Ayuso ha perfeccionado la degeneración del discurso político que ya constató Alexis de Tocqueville en su libro 'La democracia en América', publicado en 1835: “En América, los partidos no escriben libros para combatir la opinión de unos y otros, sino panfletos que circulan durante un día con increíble rapidez y después expiran”. El bombardeo constante de lemas y consignas (que, por separado, no resistirían la más mínima confrontación intelectual) produce un efecto acumulativo en el que una estupidez sepulta a la anterior y el resultado es el contrario al esperado: una carrera política triunfal. El propio discurso de Ayuso, plagado de necedades y demagogia, tapa los errores de su gestión, y quita gravedad a los 7.291 mayores muertos en las residencias madrileñas y al cobro de comisiones de su hermano por la venta de las mascarillas. Esta ironía resulta incomprensible para sus detractores, y así entramos en la segunda fase del juego tóxico entre la izquierda y Ayuso: creer que cada nueva barbaridad acerca el final de su mandato. Terminará cayendo. Sus votantes terminarán por darse cuenta. Algún día podremos decir, ya os lo dijimos. Sufrirá una descalificación moral de izquierda a derecha y, como en el cuento de 'El emperador', todo el mundo gritará: “El emperador va desnudo”.
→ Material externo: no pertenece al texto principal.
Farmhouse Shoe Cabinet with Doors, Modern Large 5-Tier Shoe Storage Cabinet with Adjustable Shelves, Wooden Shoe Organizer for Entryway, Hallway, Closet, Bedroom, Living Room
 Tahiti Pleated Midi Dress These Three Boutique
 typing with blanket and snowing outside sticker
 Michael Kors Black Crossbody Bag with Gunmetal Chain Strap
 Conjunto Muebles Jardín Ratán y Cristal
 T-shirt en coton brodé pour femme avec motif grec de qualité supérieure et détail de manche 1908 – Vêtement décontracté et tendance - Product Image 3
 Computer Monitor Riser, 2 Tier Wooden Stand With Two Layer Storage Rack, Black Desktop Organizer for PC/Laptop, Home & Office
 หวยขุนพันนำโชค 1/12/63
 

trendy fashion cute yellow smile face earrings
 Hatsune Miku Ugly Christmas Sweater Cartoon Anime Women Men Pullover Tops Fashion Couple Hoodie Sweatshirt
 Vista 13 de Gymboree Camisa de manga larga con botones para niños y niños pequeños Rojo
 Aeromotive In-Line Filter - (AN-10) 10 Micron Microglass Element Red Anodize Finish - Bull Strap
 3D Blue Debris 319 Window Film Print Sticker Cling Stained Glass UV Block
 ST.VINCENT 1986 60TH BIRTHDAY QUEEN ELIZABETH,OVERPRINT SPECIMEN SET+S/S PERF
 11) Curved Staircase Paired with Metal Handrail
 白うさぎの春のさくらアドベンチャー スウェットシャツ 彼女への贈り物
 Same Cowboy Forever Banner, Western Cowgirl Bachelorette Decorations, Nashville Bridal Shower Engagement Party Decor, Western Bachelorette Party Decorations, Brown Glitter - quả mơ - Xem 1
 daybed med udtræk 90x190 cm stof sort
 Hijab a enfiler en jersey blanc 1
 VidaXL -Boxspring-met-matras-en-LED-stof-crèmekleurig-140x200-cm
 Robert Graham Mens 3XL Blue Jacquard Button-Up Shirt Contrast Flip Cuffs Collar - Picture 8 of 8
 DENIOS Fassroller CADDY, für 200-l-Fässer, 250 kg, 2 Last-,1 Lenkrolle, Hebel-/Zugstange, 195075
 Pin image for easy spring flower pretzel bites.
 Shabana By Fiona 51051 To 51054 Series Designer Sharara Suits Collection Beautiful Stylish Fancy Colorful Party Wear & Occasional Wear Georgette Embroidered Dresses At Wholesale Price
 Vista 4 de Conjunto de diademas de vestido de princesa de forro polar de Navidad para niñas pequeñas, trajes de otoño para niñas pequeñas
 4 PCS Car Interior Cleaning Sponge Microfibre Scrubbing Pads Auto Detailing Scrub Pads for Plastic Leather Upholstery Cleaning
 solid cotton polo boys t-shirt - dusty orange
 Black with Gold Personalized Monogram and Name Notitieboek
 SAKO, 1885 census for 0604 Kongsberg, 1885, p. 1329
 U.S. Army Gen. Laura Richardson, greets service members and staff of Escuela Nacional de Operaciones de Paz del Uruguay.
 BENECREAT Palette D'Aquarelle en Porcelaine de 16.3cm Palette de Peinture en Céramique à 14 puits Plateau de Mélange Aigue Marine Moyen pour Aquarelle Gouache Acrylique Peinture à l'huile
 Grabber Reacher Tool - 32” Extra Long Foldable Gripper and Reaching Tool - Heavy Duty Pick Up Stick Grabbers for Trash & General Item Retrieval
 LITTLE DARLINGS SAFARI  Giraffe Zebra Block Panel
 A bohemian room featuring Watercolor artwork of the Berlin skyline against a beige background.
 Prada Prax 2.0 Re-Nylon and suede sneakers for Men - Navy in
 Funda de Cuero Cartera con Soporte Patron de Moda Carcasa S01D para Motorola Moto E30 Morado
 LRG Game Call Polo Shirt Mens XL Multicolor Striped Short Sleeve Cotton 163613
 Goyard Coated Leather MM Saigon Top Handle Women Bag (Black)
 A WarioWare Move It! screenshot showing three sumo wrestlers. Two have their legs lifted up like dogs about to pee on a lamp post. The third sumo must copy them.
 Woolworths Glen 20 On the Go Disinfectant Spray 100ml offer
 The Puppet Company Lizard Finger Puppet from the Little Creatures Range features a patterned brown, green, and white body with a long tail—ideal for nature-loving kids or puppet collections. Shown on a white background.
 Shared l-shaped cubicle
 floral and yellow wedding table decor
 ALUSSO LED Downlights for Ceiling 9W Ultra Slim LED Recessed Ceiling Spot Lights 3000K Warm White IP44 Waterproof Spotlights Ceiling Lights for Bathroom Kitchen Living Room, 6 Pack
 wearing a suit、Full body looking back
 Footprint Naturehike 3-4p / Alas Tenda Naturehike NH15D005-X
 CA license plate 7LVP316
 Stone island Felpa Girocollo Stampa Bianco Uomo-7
Pero no es así. El problema de este juego del que, en secreto, todos disfrutamos es que Isabel Díaz Ayuso tiene las de ganar. En el libro 'Divertirse hasta morir. El discurso público en la era del show business', escrito en 1985, Neil Postman ya advertía de que el futuro no sería orwelliano sino más parecido a lo que Aldous Huxley imaginó en 'Un mundo feliz', esto es, que la verdad corre el riesgo de ser anegada por un mar de irrelevancia y que la capacidad de las tonterías para sepultar la disidencia y la oposición es mayor que la de la censura descarada. “Orwell temía que nos convirtiéramos en una cultura cautiva. Huxley temía que nuestra cultura se transformara en algo trivial”, escribe Postman. 

El tono intenso de la conversación política en redes sociales y medios de comunicación crea la ilusión de que determinadas ideas relevantes están a punto de ser aceptadas o rechazadas mayoritariamente. Porque es lo lógico, es lo racional. Pero la forma de esta conversación pública (miles de pequeños argumentos y miles de pequeñas necedades) hace imposible tener un debate constructivo y de progreso. Esto se puede ver con claridad en la forma de hacer política, o más bien en la forma de expresar la política, de Isabel Díaz Ayuso, y las reacciones que provoca. ¿Cómo es posible que con semejantes salidas de pata de banco siga teniendo mayorías absolutas? ¿Cómo a pesar de su desprecio a los derechos de mujeres y trabajadores, a la justicia social, a su apoyo sin pudor de los privilegios de los que más tienen nadie de derechas cuestione su liderazgo?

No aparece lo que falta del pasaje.